Comparison of the three months ended March 31, 2026 and March 30, 2025
Americas
Americas net revenues for the three months ended March 31, 2026 increased $42.9 million, or 14.8%, compared to the prior year period, which was primarily attributable to net revenues of $23.1 million generated by the acquired VI Business and an $11.9 million increase in sales volumes of existing products.
Americas operating profit for the three months ended March 31, 2026 increased $13.1 million, or 11.1%, compared to the prior year period, which was primarily attributable to an increase in gross profit resulting from higher sales, including revenue generated by the acquired VI Business, partially offset by higher operating and integration costs of the acquired business, and, to a lesser extent, increases in sales expenses associated with our legacy businesses to support higher sales.
EMEA
EMEA net revenues for the three months ended March 31, 2026 increased $64.1 million, or 77.5%, compared to the prior year period, which was primarily attributable to net revenues of $50.1 million generated by the acquired VI Business and $9.0 million of favorable fluctuations in foreign currency exchange rates.

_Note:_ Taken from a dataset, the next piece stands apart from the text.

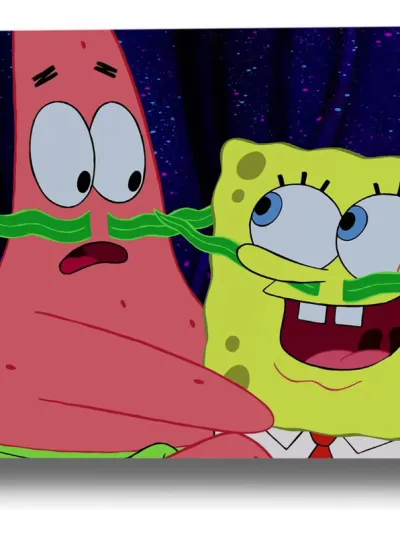 Cuadro Bob Esponja 579 70x100 Mdf Memoestampados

EMEA operating profit for the three months ended March 31, 2026 decreased $1.2 million, or 8.4%, compared to the prior year period, which was primarily attributable to an increase in operating expenses, largely from operating, integration and amortization expenses associated with the acquired VI Business and unfavorable fluctuations in foreign currency exchange rates. The decreases in operating profit were partially offset by an increase in gross profit resulting from higher sales generated by the acquired VI Business, despite an unfavorable impact from the amortization of the step-up in carrying value of inventory related to the VI Business acquisition, as well as lower manufacturing costs associated with our legacy businesses.
Asia
Asia net revenues for the three months ended March 31, 2026 increased $27.0 million, or 64.5%, compared to the prior year period, which was primarily attributable to net revenues of $25.8 million generated by the acquired VI Business.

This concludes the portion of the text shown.